Transcribe the data in full and exactly, omitting any pictures.

> [Information supplied]:
Start of Block

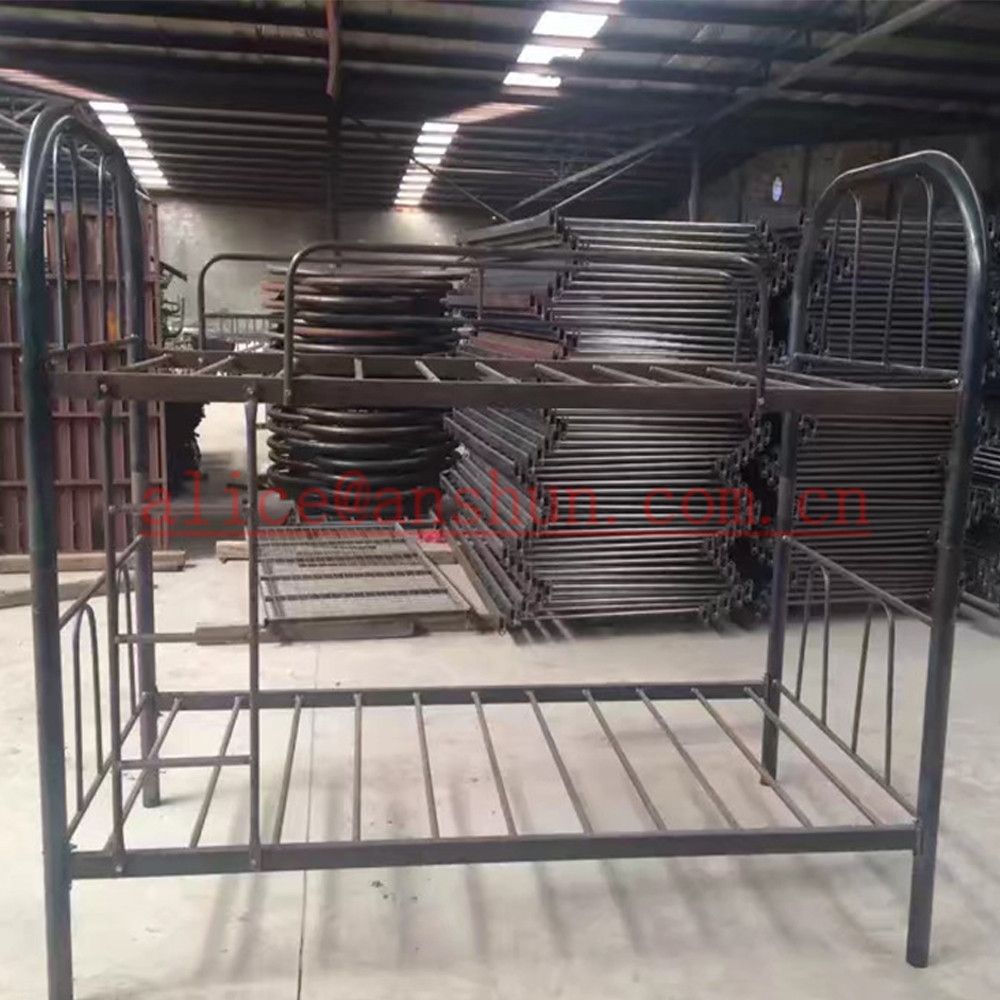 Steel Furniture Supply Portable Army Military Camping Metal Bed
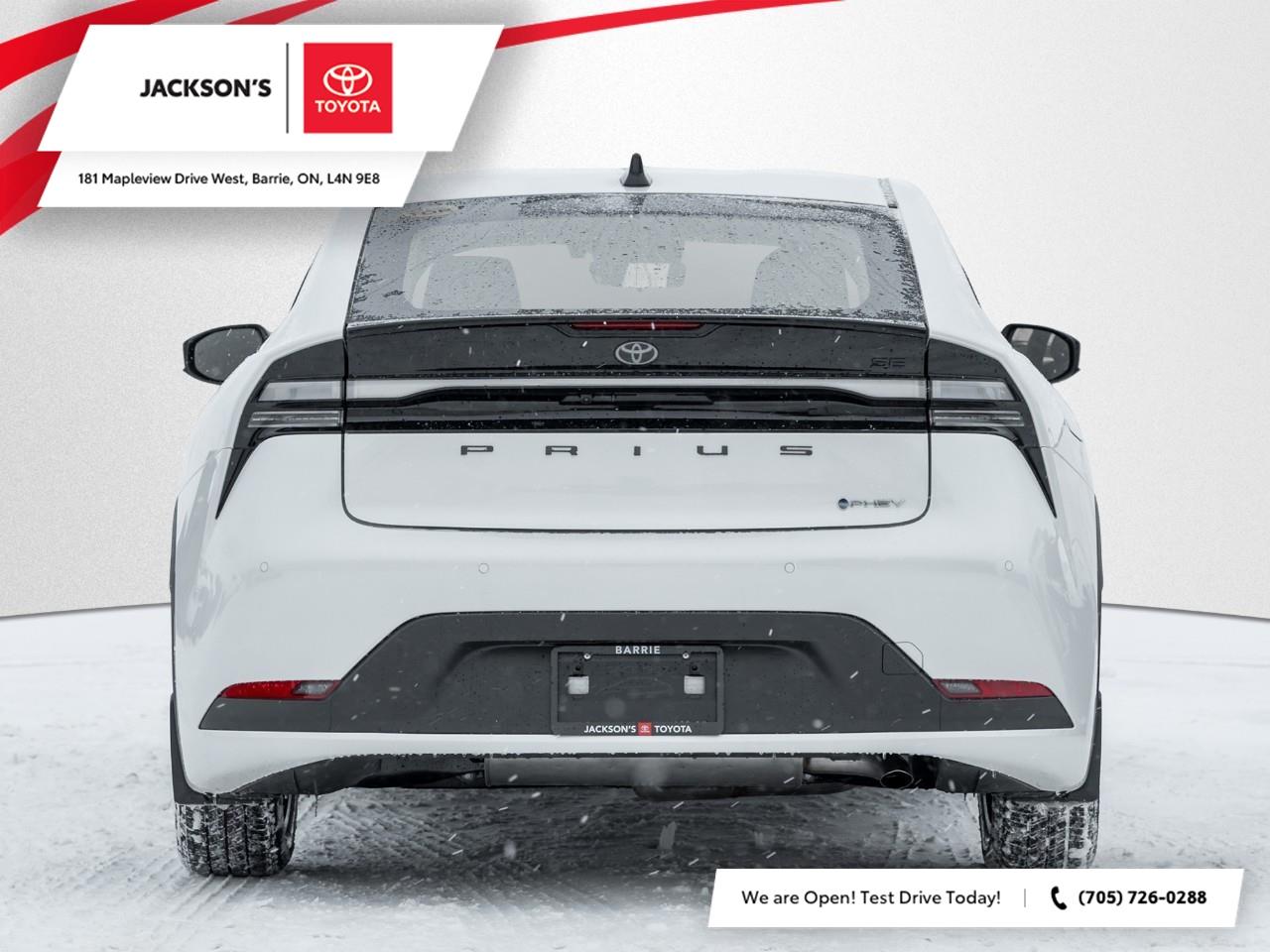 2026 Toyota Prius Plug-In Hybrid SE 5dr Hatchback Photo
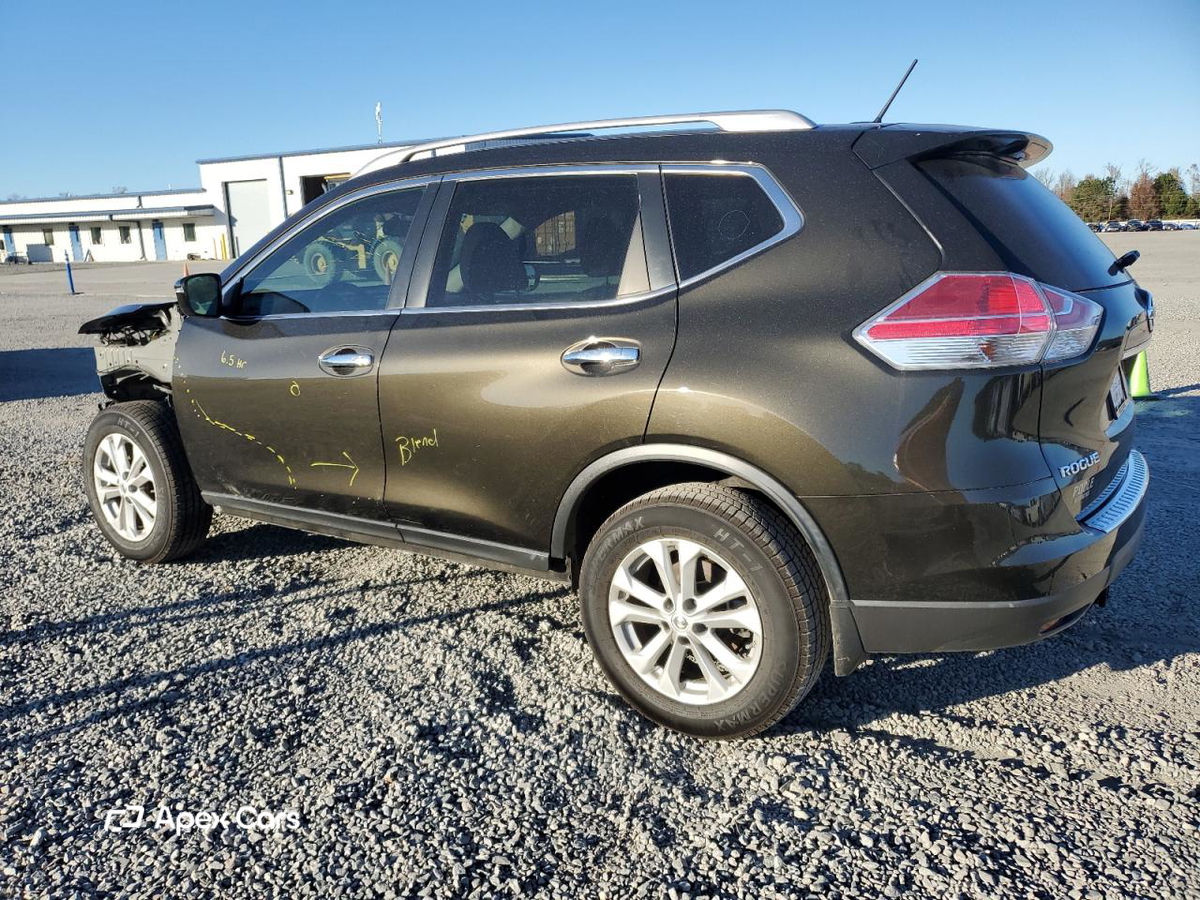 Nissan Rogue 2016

End of Block

> [Result for this exercise]:
 Steel Furniture Supply Portable Army Military Camping Metal Bed
 2026 Toyota Prius Plug-In Hybrid SE 5dr Hatchback Photo
 Nissan Rogue 2016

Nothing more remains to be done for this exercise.